> _YOUR OBJECTIVE_
Using the data below, return word for word every line from the one holding "Snake Cross Skeleton" down to the one holding "achieving business success". Leave pictures out.

> _DATA FOR THE TASK_
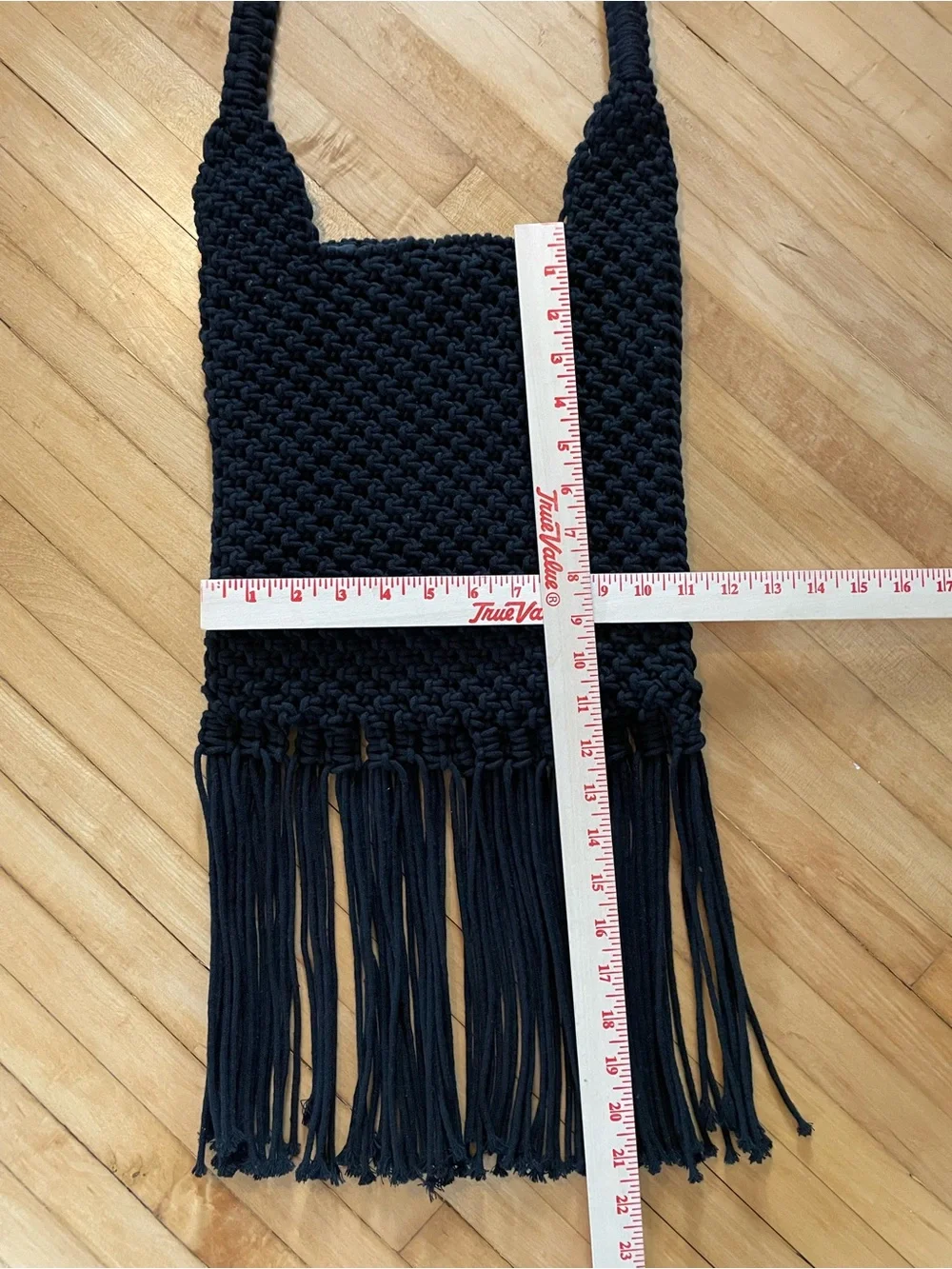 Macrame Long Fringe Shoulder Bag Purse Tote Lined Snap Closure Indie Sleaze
...
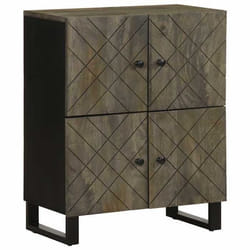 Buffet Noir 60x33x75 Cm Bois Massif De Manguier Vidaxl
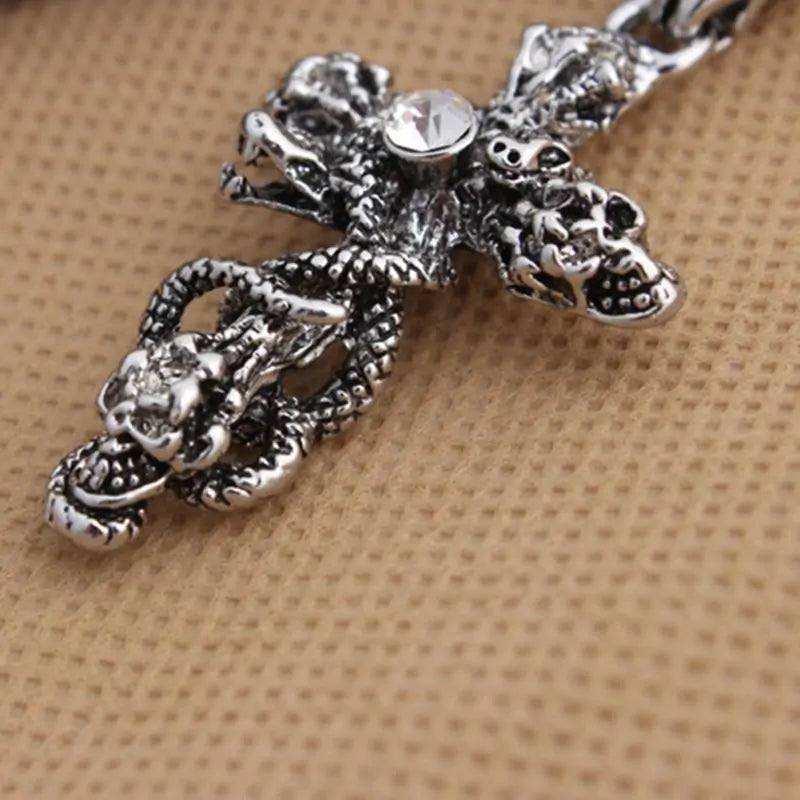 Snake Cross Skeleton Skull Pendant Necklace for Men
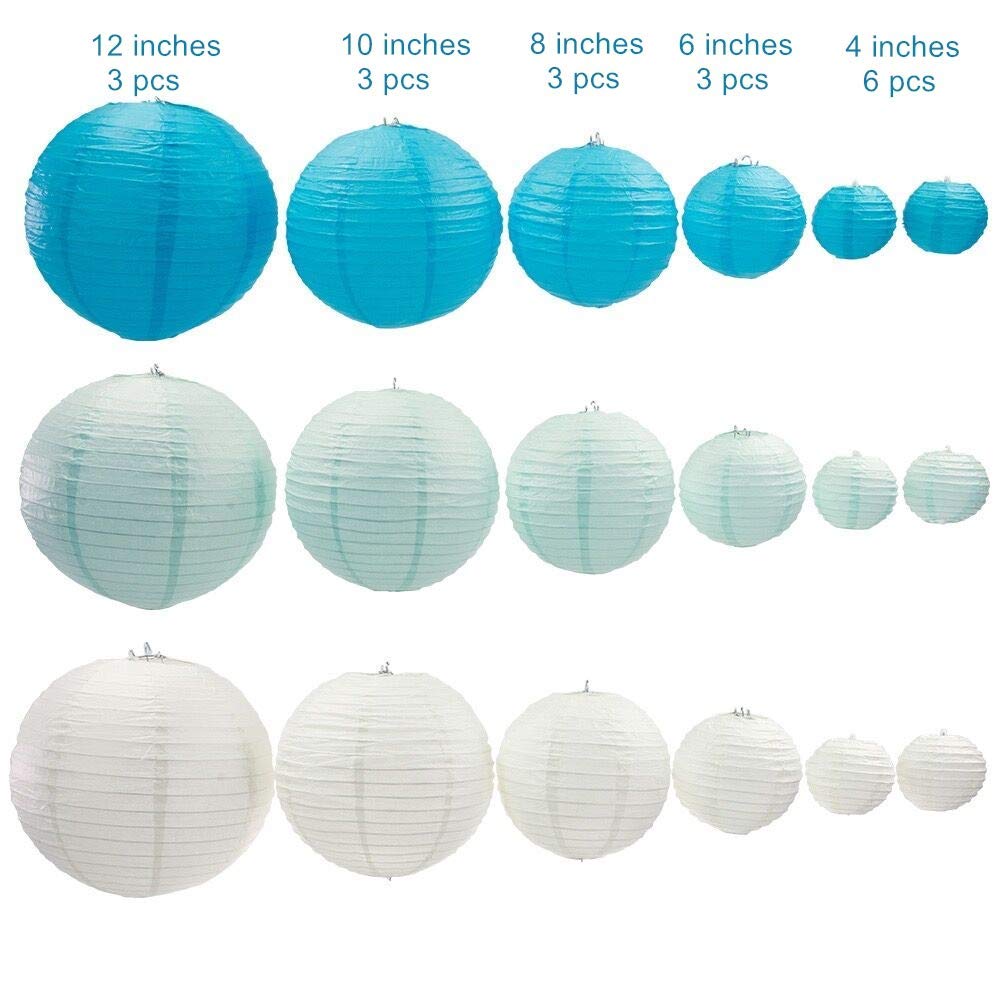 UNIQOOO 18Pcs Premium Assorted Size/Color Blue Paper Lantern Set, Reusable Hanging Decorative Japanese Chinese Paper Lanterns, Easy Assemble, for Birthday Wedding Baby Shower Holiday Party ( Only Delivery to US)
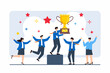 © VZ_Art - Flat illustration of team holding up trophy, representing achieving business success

> _TASK RESULT_
 Snake Cross Skeleton Skull Pendant Necklace for Men
 UNIQOOO 18Pcs Premium Assorted Size/Color Blue Paper Lantern Set, Reusable Hanging Decorative Japanese Chinese Paper Lanterns, Easy Assemble, for Birthday Wedding Baby Shower Holiday Party ( Only Delivery to US)
 © VZ_Art - Flat illustration of team holding up trophy, representing achieving business success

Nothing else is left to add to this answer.